Je crois qu’il y a deux causes du succès que le Paradis perdu aura toujours : la première, c’est l’intérêt qu’on prend à deux créatures innocentes et fortunées qu’un être puissant et jaloux rend par sa séduction coupables et malheureuses ; la seconde est la beauté des détails.

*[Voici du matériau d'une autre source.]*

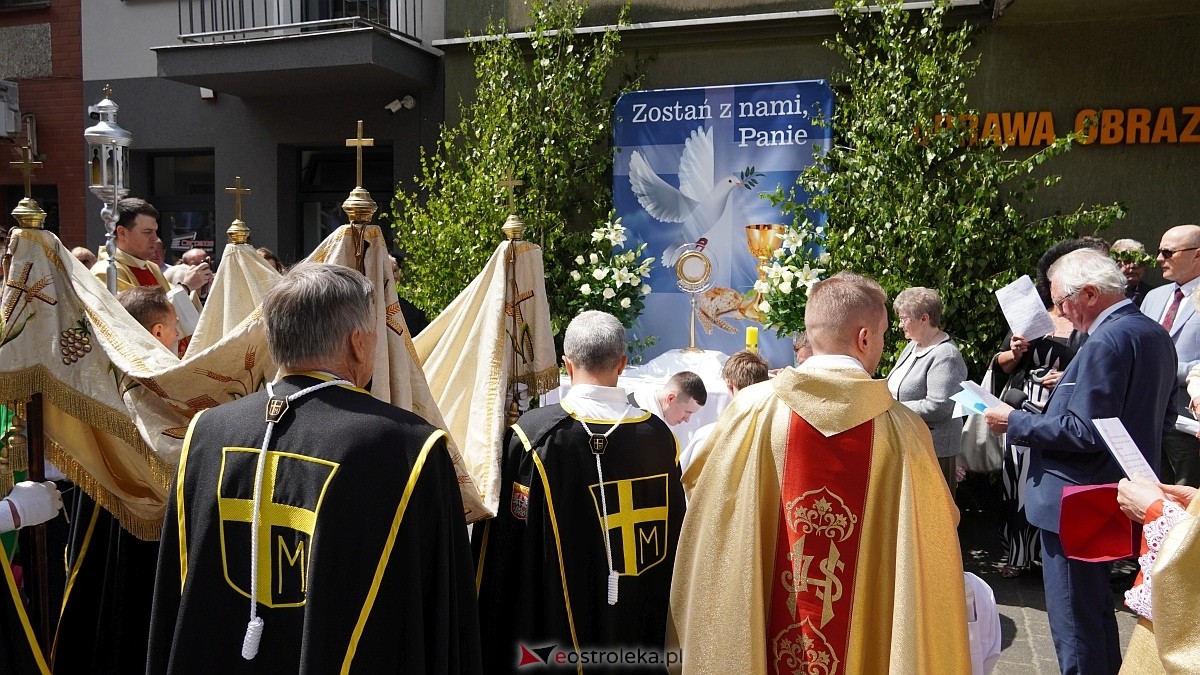Procesja Bożego Ciała w sanktuarium pw. św. Antoniego Padewskiego [19.06.2025] - zdjęcie #142 - eOstroleka.pl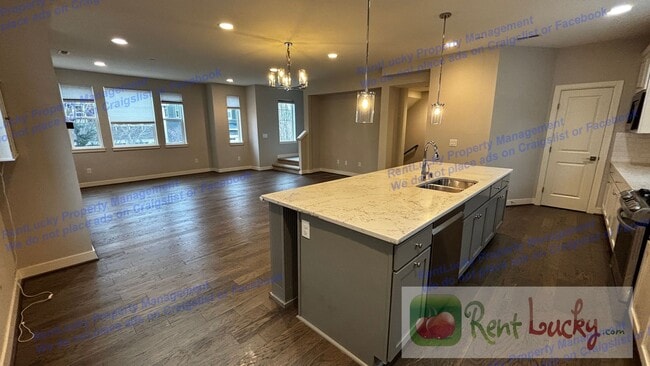 Foto del edificio - Spacious Issaquah Townhome w/ Entry-Level Suite & 2-Car Garage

Les Français riaient encore quand on leur disait que l’Angleterre avait un poëme épique, dont le sujet était le diable combattant contre Dieu, et un serpent qui persuade à une femme de manger une pomme : ils ne croyaient pas qu’on pût faire sur ce sujet autre chose que des vaudevilles. Je fus le premier qui fis connaître aux Français quelques morceaux de Milton et de Shakespeare. M. Dupré de Saint-Maur donna une traduction en prose française de ce poëme singulier. On fut étonné de trouver, dans un sujet qui parait si stérile, une si grande fertilité d’imagination ; on admira les traits majestueux avec lesquels il ose peindre Dieu, et le caractère encore plus brillant qu’il donne au diable, on lut avec beaucoup de plaisir la description du jardin d’Éden, et des amours innocentes d’Adam et d’Ève. En effet, il est à remarquer que dans tous les autres poëmes l’amour est regardé comme une faiblesse ; dans Milton seul il est une vertu. Le poëte a su lever d’une main chaste le voile qui couvre ailleurs les plaisirs de cette passion ; il transporte le lecteur dans le jardin de < délices ; il semble lui faire goûter les voluptés pures dont Adam et Ève sont remplis : il ne s’élève pas au-dessus de la nature humaine, mais au-dessus de la nature humaine corrompue ; et comme il n’y a point d’exemple d’un pareil amour, il n’y en a point d’une pareille poésie.

Mais tous les critiques judicieux, dont la France est pleine, se réunirent à trouver que le diable parle trop souvent et trop longtemps de la même chose. En admirant plusieurs idées sublimes, ils jugèrent qu’il y en a plusieurs d’outrées, et que l’auteur n’a

  1. Boileau, Art poétique, chant III.